Leaving out any pictures, transcribe every record exactly.

Source material section start

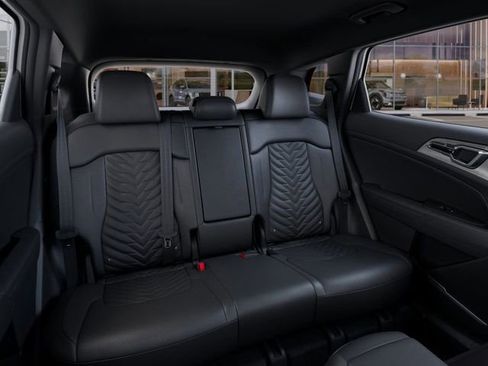 New 2026 Kia Sportage X-Line AWD/4WD image 17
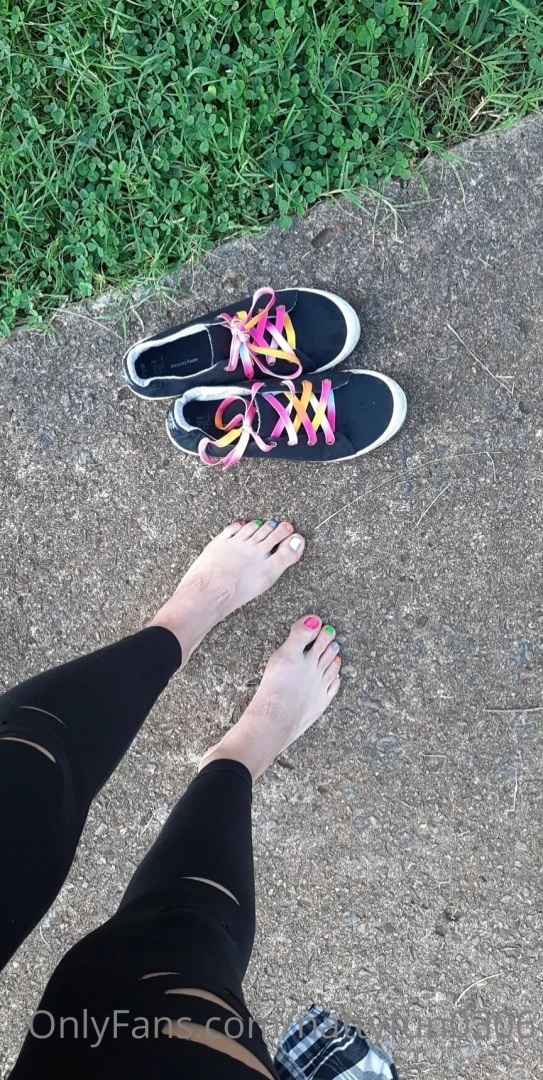 I love multi colors 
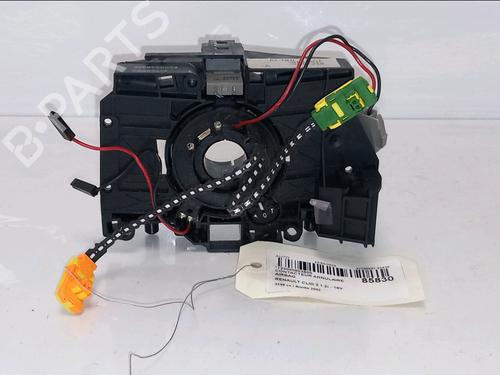 Used Squib airbag Squib airbag RENAULT CLIO II (BB_, CB_) 1.2 16V (BB05, BB0W, BB11, BB27, BB2T, BB2U, BB2V, CB05,... (75 hp) 36351675 36351675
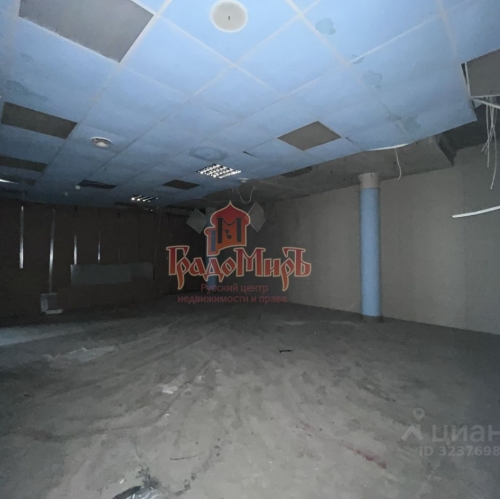 Торговое помещение Сергиев Посад г, Красной Армии пр-кт,  д. 236/1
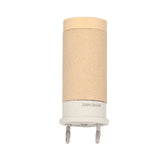 230V 3000W HRB‑03S Baby 3000S Heating Element Ceramic Welding Heating Element for Hot Air Machine - Front View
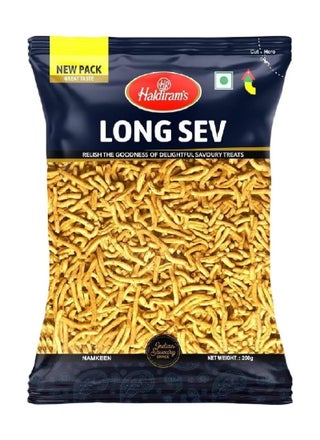 Long Sev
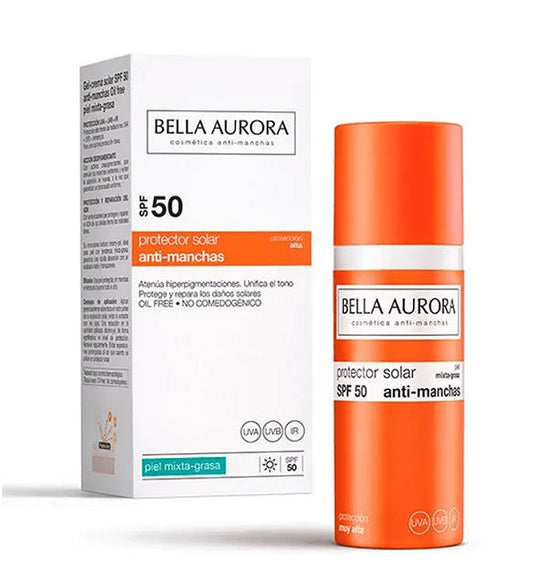 Bella Aurora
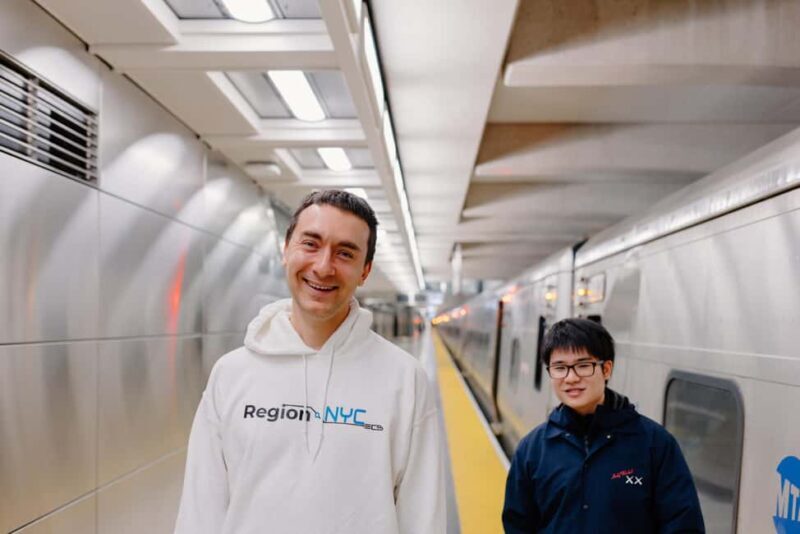 NYC: Grand Central Terminal and/or Penn Station - Private - Who This Tour Is Perfect For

Source material section end

Result for this exercise:
 New 2026 Kia Sportage X-Line AWD/4WD image 17
 I love multi colors 
 Used Squib airbag Squib airbag RENAULT CLIO II (BB_, CB_) 1.2 16V (BB05, BB0W, BB11, BB27, BB2T, BB2U, BB2V, CB05,... (75 hp) 36351675 36351675
 Торговое помещение Сергиев Посад г, Красной Армии пр-кт,  д. 236/1
 230V 3000W HRB‑03S Baby 3000S Heating Element Ceramic Welding Heating Element for Hot Air Machine - Front View
 Long Sev
 Bella Aurora
 NYC: Grand Central Terminal and/or Penn Station - Private - Who This Tour Is Perfect For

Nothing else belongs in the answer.